→ Problem to solve:
No pictures, nothing altered: return the data below.

→ Stored data:
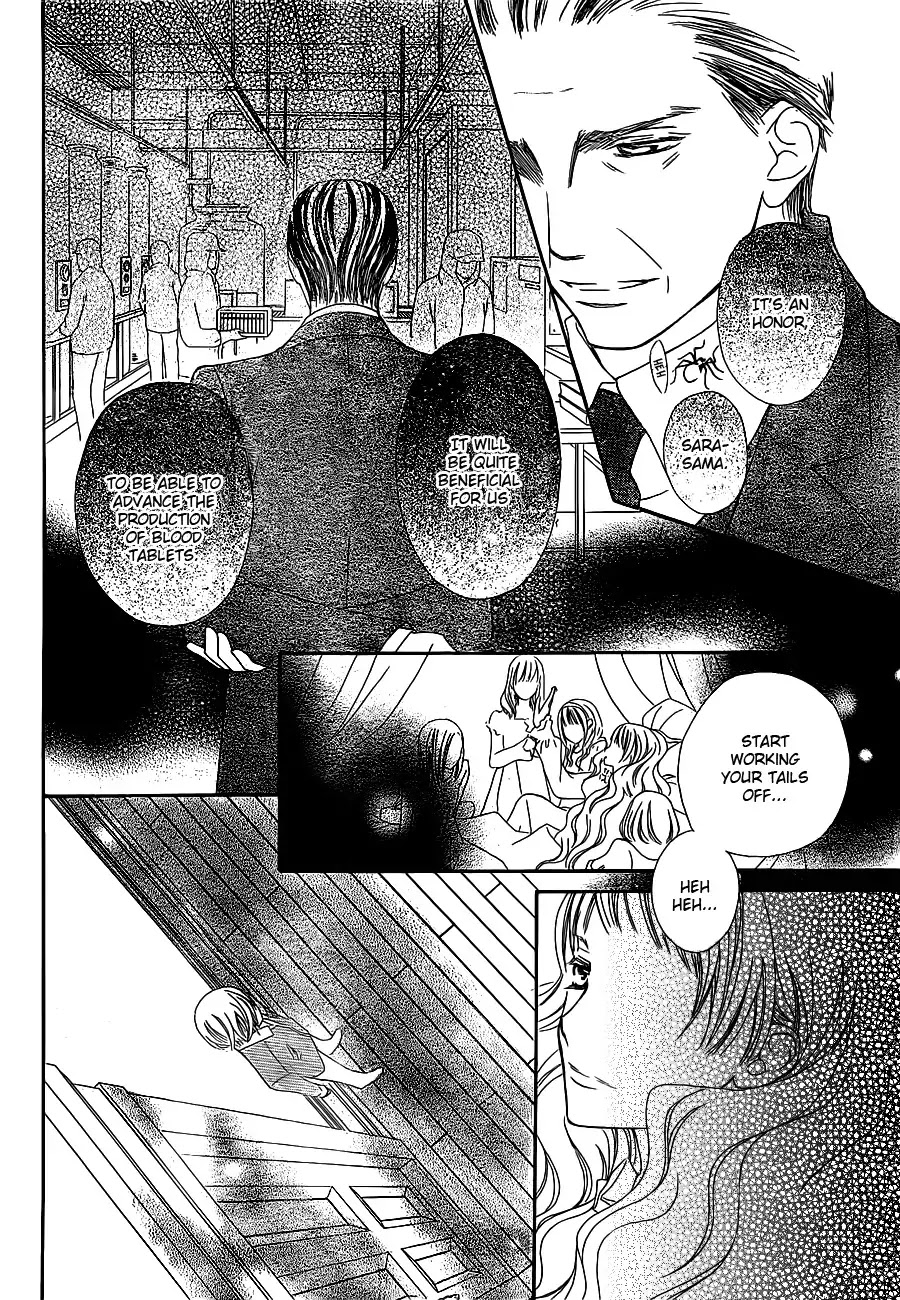 Read Vampire Knight Manga Online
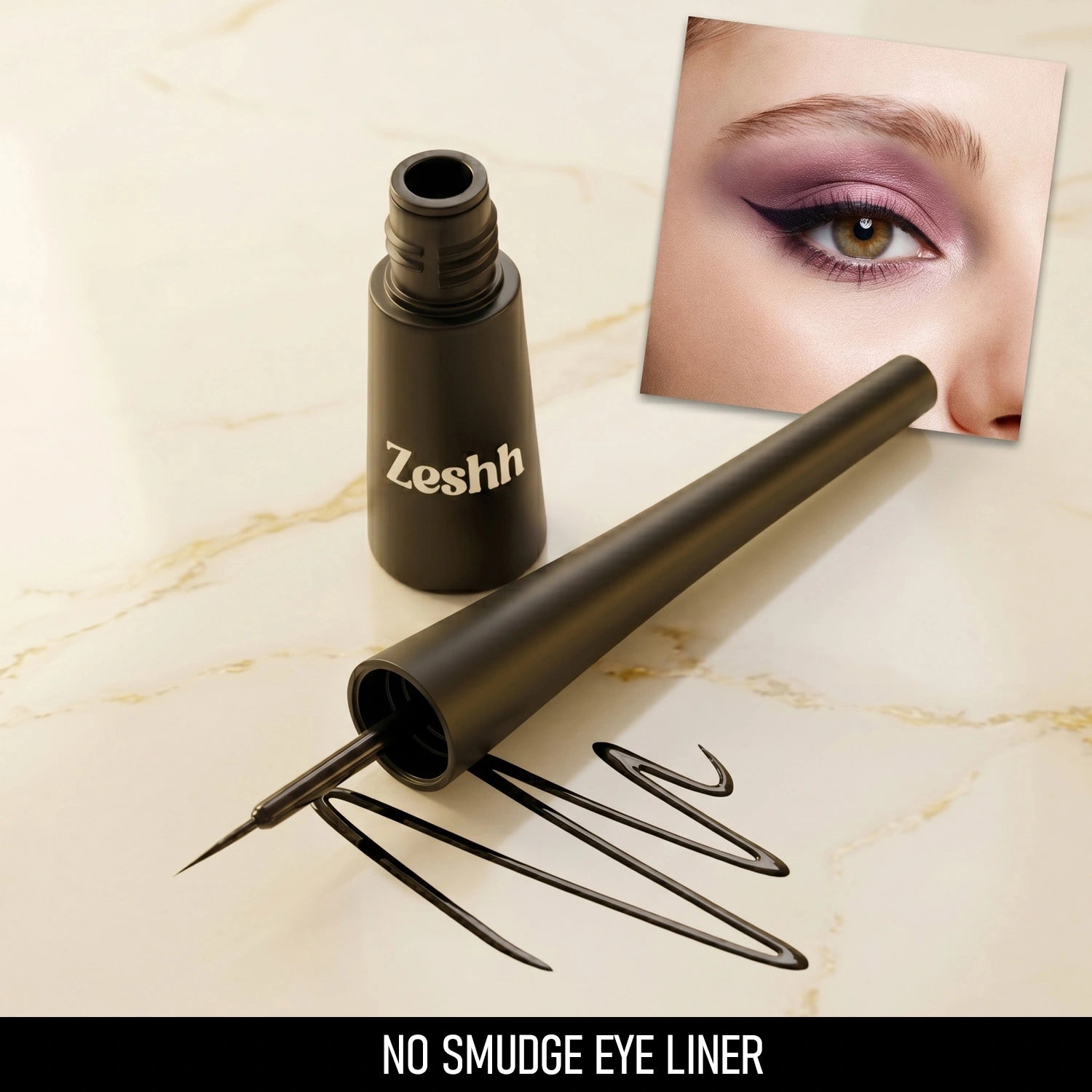 Zeshh Black Liquid Eyeliner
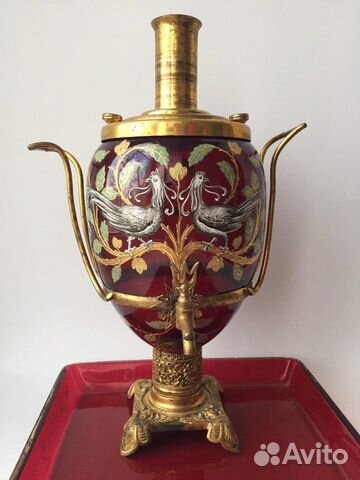 Редчайший Самовар Россия 1820-40г Редчайший Самовар Россия 1820-40г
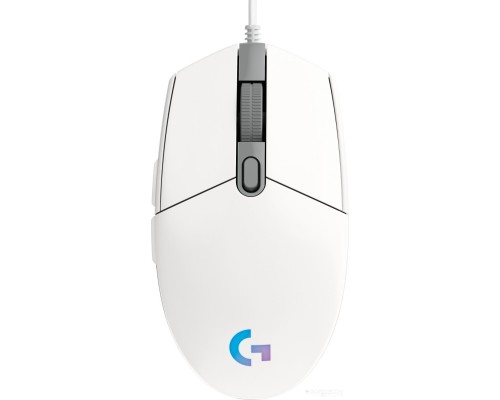 Игровая мышь Logitech G102 Lightsync (белый)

→ The completed task:
 Read Vampire Knight Manga Online
 Zeshh Black Liquid Eyeliner
 Редчайший Самовар Россия 1820-40г Редчайший Самовар Россия 1820-40г
 Игровая мышь Logitech G102 Lightsync (белый)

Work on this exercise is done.